***** Entries shown
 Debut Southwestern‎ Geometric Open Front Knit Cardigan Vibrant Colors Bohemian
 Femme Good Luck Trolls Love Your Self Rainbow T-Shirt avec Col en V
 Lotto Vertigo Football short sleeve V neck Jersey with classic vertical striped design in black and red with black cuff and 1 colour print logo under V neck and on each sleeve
**********
***** Entries shown
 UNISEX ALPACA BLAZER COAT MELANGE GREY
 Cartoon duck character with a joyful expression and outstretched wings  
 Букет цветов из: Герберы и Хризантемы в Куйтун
**********
***** Entries shown
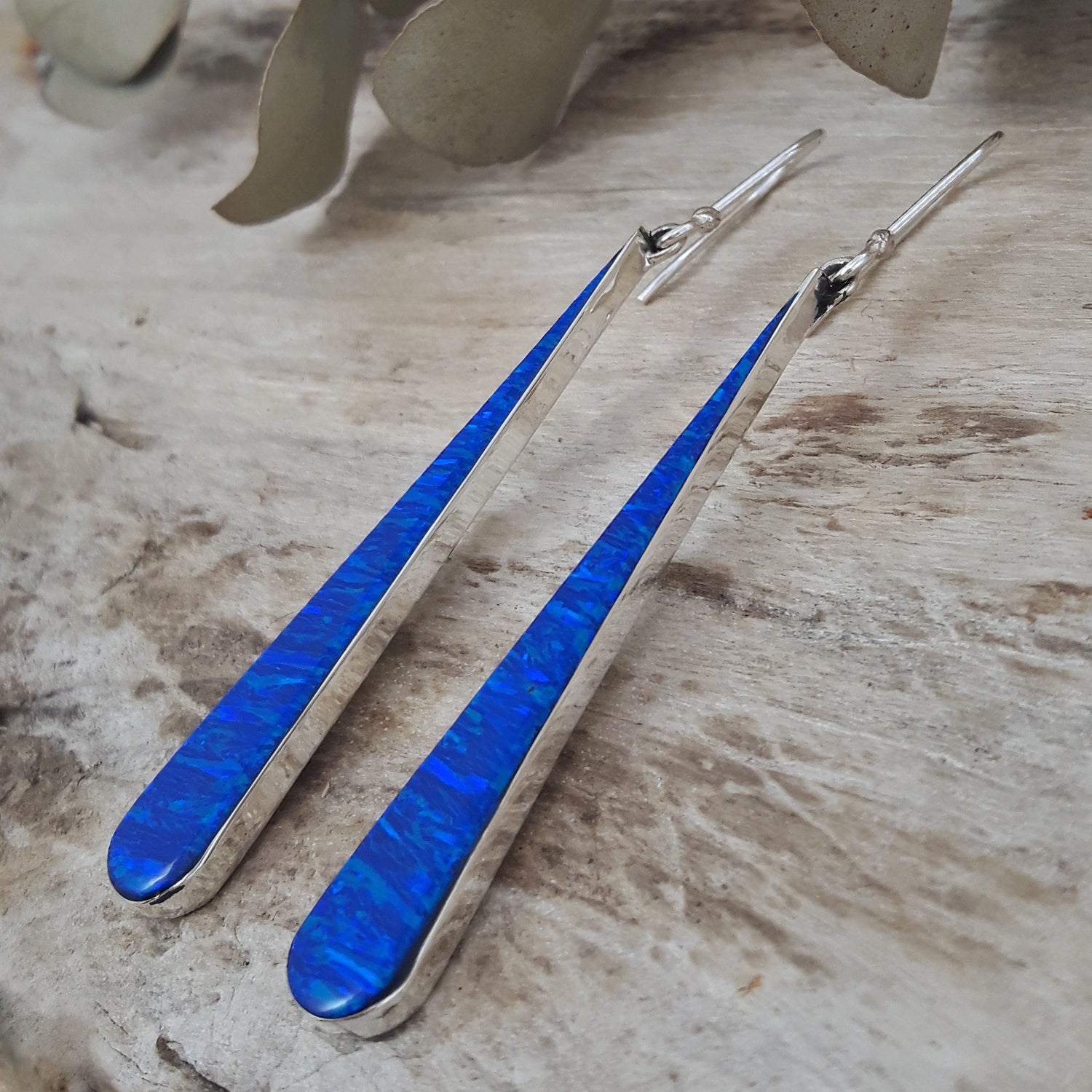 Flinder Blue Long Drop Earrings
**********
--- Task prompt ---
Scan the material above for the string "with". Return each line where it occurs.

--- Answer section ---
 Lotto Vertigo Football short sleeve V neck Jersey with classic vertical striped design in black and red with black cuff and 1 colour print logo under V neck and on each sleeve
 Cartoon duck character with a joyful expression and outstretched wings  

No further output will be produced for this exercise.